Doing so, we are confident that each key will be picked up with the right relative probability. We can encapsulate all the logic in a class with a constructer which builds the helper array an a function that returns a random index using mt_rand():
class RandomKeyMultiple {
private $pool = array();
private $max_range;
function __construct( $source ) {
// build the look-up array
foreach ( $source as $key => $value ) {
for ( $i = 0; $i < $value; $i++ ) {
$this->pool[] = $key;
}
}
$this->max_range = count($this->pool) - 1;
}
function get_random_key() {
$x = mt_rand(0, $this->max_range);
return $this->pool[$x];
}
}
The usage is simple, just create an object of the class passing the source array and then each call of the function will return a random key:
$test = new RandomKeyMultiple($dice);
echo $test->get_random_key();
The problem is that OP's array contains big values and this results in a very big (but still manageable, even without dividing all the values by 100) array.
2. Steps
In general, discrete probability distribution may be more complicated, with float values that cannot be easily translated in number of repetitions.

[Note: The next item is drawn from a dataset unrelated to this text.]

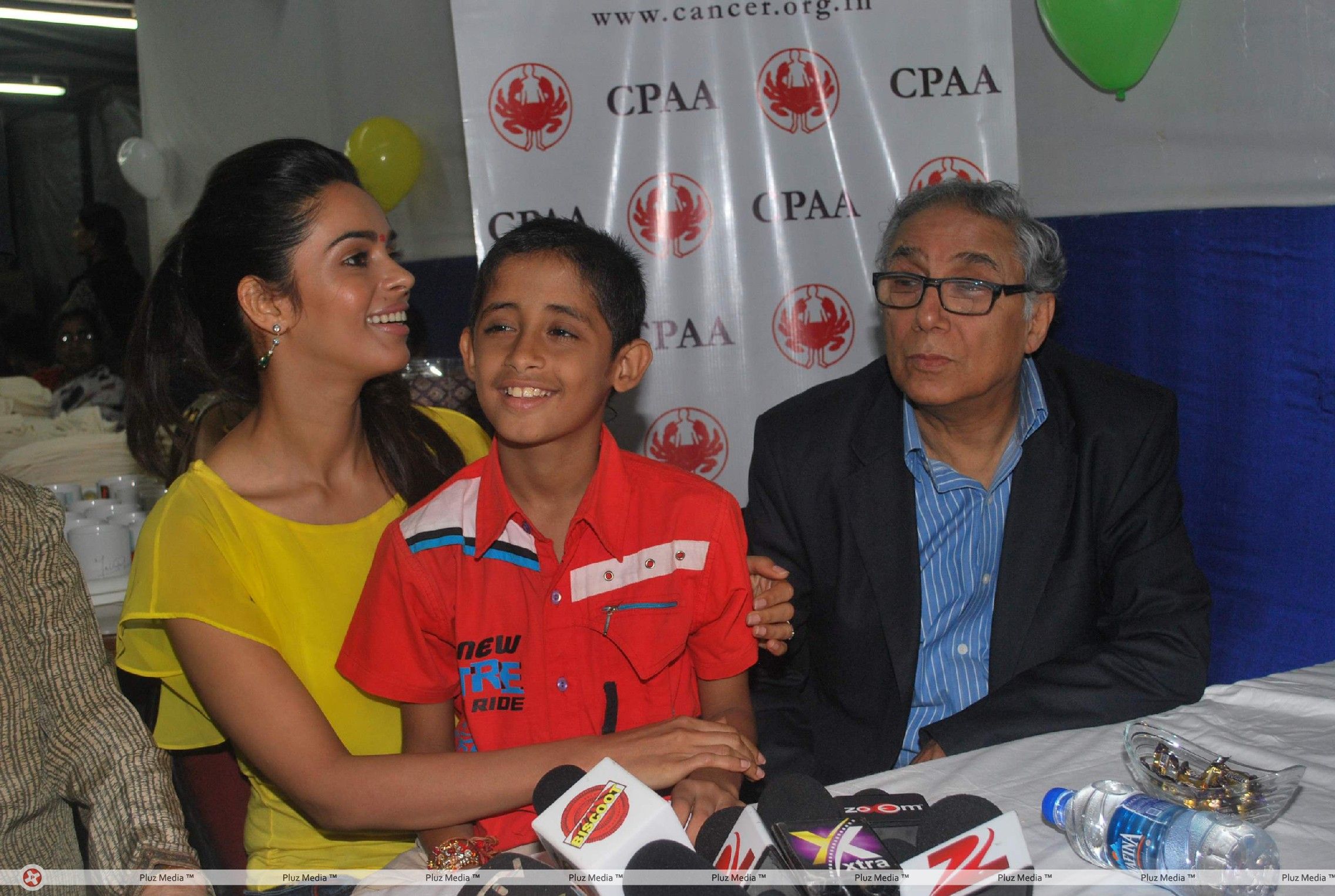 Mallika Sherawat meets CPAA patients photos | Picture 244192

Another way to solve the problem is to consider the values in the array as the misures of intervals that divide the global range of all possible values:
+---------------------------+-----------------+-------+----+
| | | | |
|<--- 265000 --->|<-- 190000 -->|<30000>|1300|
|<------- 455000 ------>| |
|<---------- 485000 --------->| |
|<---------------- 486300 -------------->|
Then we can choose a random number between 0 and 486300 (the global range) and look up the right index (the odds of which would be proportional to the lenght of its segment, giving the correct probability distribution). Something like:
$x = mt_rand(0, 486300);
if ( $x < 265000 )
return 0;
elseif ( $x < 455000 )
return 1;
elseif ( $x < 485000 )
return 2;
else
return 3;
We can generalize the algorithm and encapsulate all the logic in a class (using an helper array to store the partial sums):
class RandomKey {
private $steps = array();
private $last_key;
private $max_range;
function __construct( $source ) {
// sort in ascending order to partially avoid numerical issues
asort($source);
// calculate the partial sums. Considering OP's array:
//
// 1300 ----> 0
// 30000 ----> 1300
// 190000 ----> 31300
// 265000 ----> 221300 endind with $partial = 486300
//
$partial = 0;
$temp = 0;
foreach ( $source as $k => &$v ) {
$temp = $v;
$v = $partial;
$partial += $temp;
}
// scale the steps to cover the entire mt_rand() range
$factor = mt_getrandmax() / $partial;
foreach ( $source as $k => &$v ) {
$v *= $factor;
}
// Having the most probably outcomes first, minimizes the look-up of
// the correct index
$this->steps = array_reverse($source);
// remove last element (don't needed during checks) but save the key
end($this->steps);
$this->last_key = key($this->steps);
array_pop($this->steps);
}
function get_random_key() {
$x = mt_rand();
foreach ( $this->steps as $key => $value ) {
if ( $x > $value ) {
return $key;
}
}
return $this->last_key;
}
}
Here or here there are live demos with some examples and helper functions to check the probability distribution of the keys.
For bigger arrays, a binary search to look-up the index may also be considered.